**Activity:** Below are the entries. Print only the lines starting at the one with "Early morning in" and ending at the one with "OLIVE TELEPHONE FLY", exactly, with no pictures.

**Data supplied:**
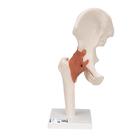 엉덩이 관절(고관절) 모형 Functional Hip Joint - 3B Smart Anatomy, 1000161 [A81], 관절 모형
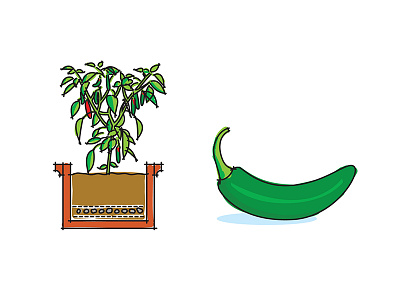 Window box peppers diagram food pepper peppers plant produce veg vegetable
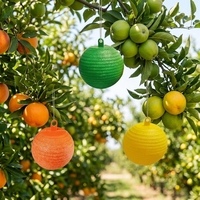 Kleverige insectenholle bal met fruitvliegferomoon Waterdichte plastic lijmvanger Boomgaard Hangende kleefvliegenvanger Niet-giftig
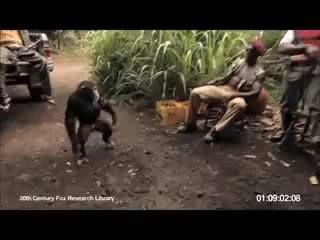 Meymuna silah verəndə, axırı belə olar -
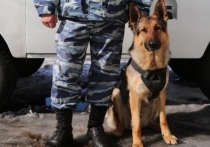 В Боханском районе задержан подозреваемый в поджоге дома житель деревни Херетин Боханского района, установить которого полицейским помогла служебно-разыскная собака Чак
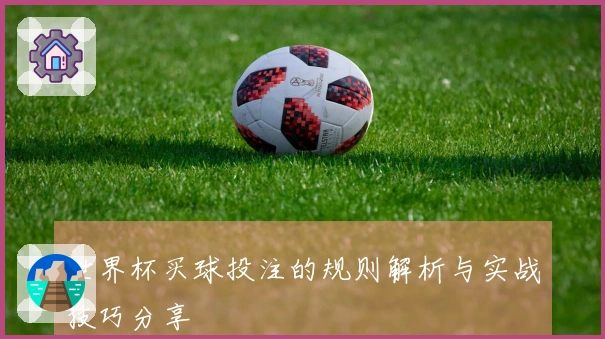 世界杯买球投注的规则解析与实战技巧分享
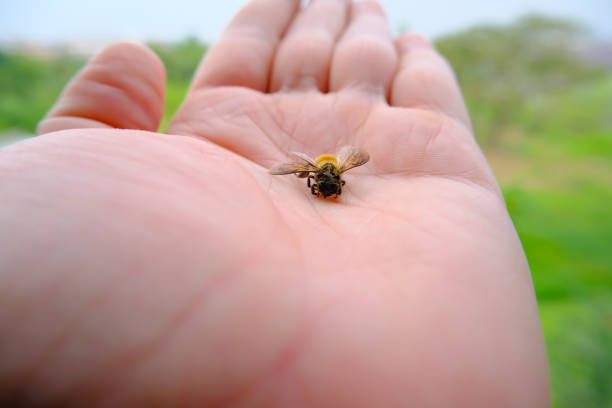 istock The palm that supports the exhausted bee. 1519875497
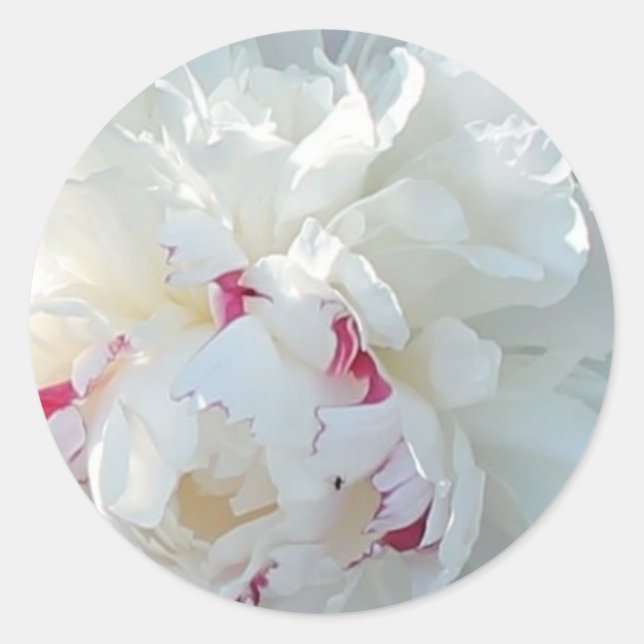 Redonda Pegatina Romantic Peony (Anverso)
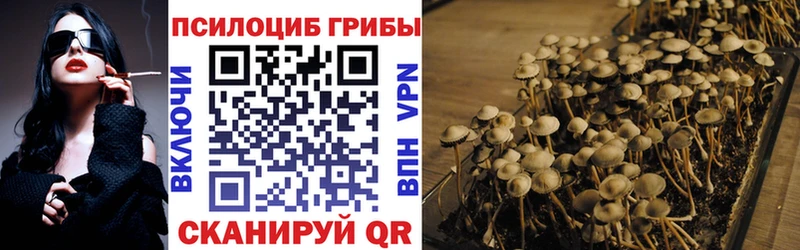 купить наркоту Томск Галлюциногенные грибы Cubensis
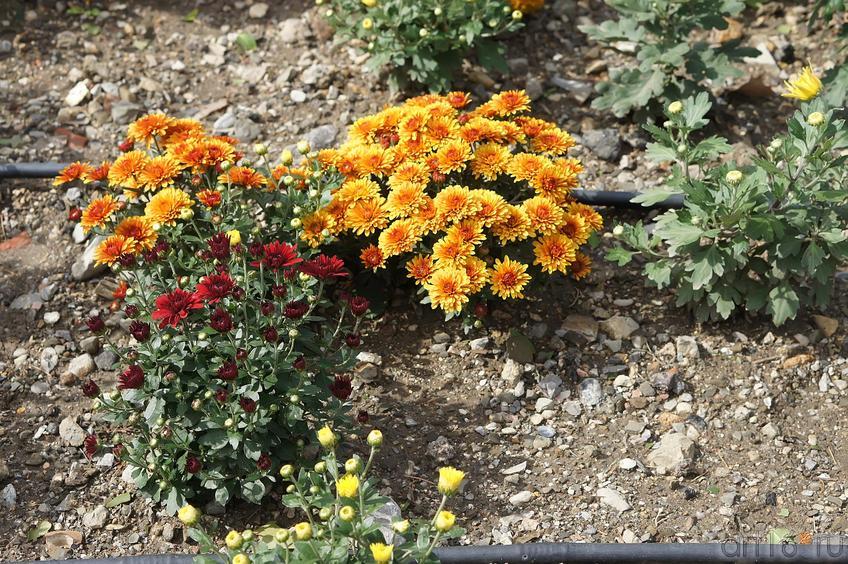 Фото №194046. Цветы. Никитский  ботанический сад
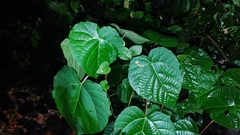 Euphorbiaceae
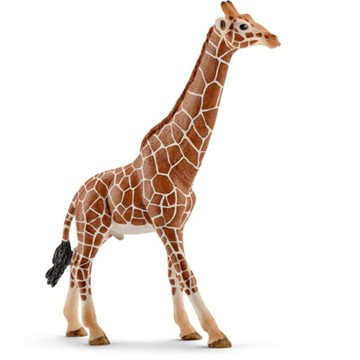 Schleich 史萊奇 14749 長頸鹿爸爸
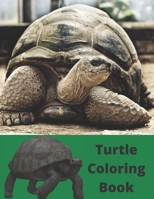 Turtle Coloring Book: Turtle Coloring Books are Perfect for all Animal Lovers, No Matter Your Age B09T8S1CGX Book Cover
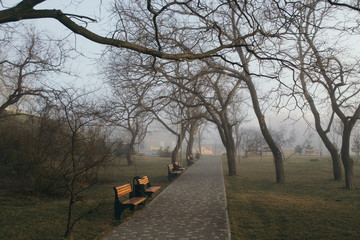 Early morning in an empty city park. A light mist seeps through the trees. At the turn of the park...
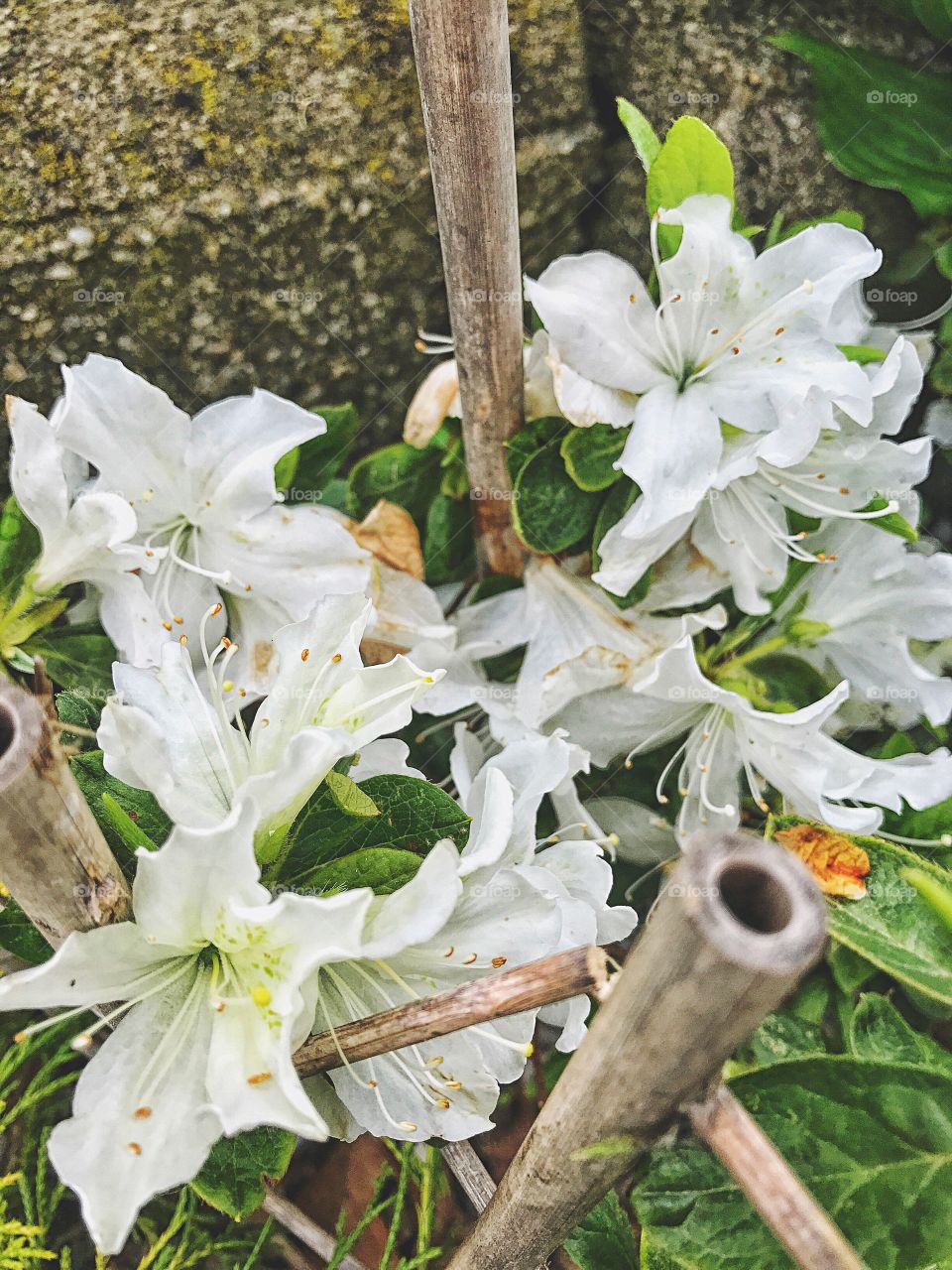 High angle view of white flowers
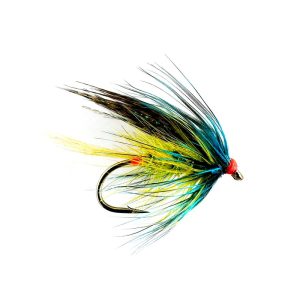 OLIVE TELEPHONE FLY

--

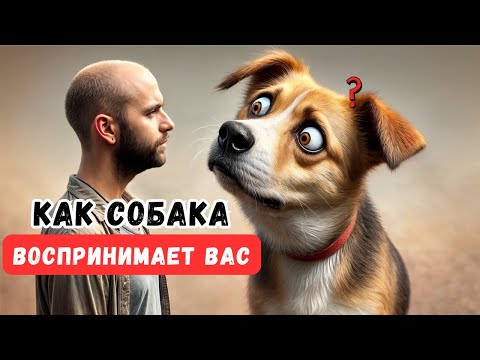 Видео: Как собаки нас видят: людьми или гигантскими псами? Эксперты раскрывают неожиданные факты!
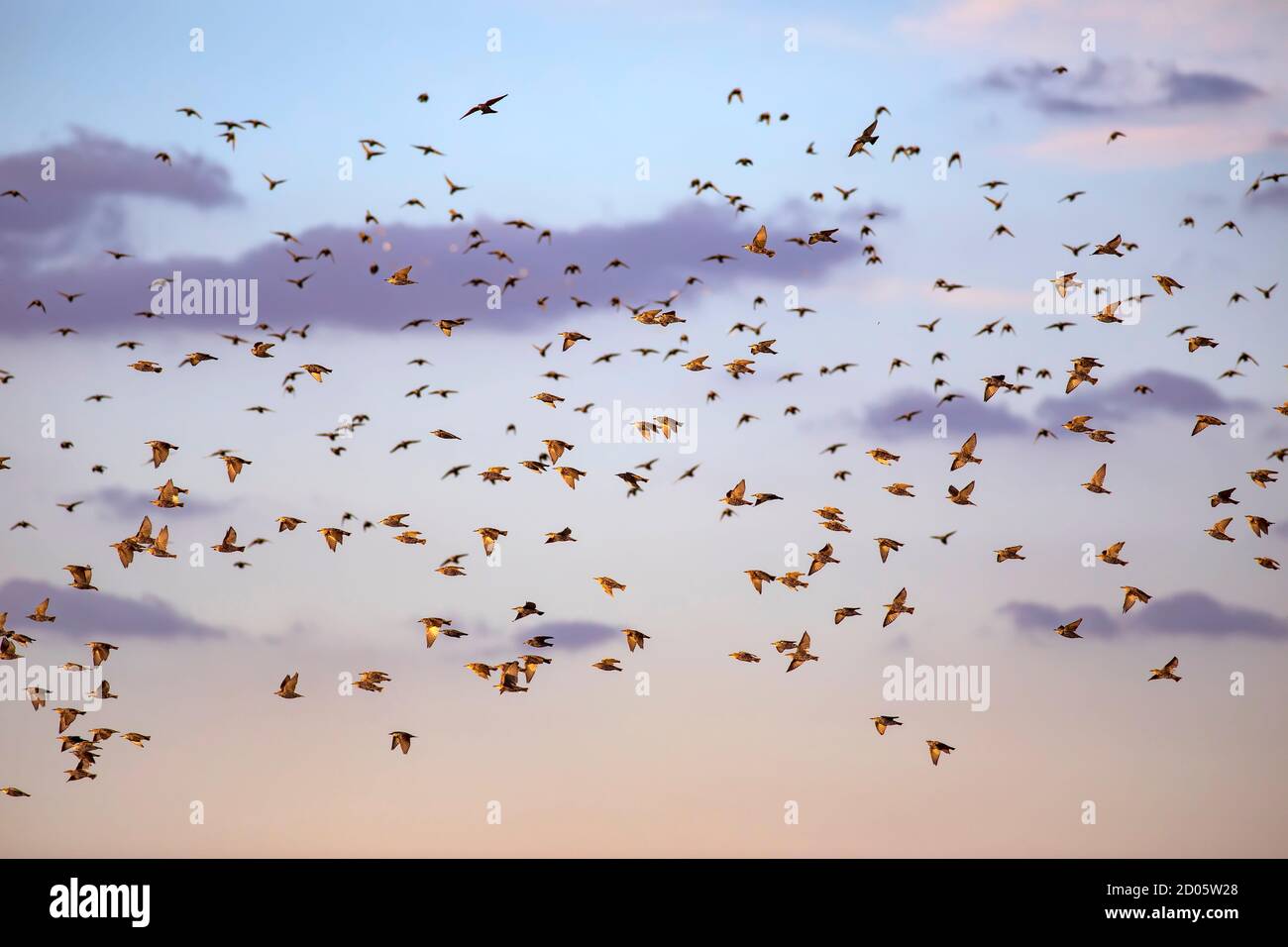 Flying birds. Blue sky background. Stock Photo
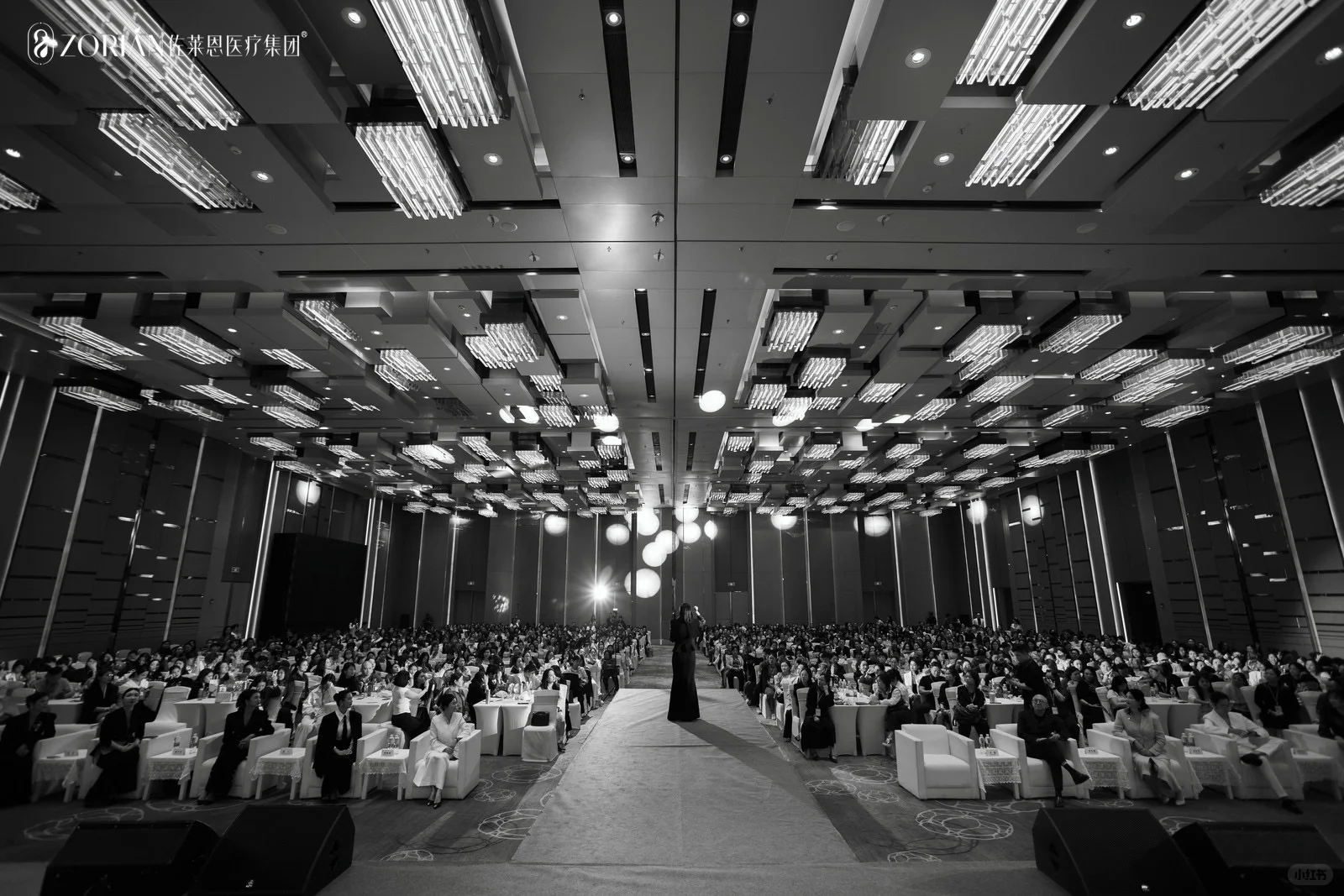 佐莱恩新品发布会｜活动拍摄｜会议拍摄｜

**Written response:**
 Early morning in an empty city park. A light mist seeps through the trees. At the turn of the park...
 High angle view of white flowers
 OLIVE TELEPHONE FLY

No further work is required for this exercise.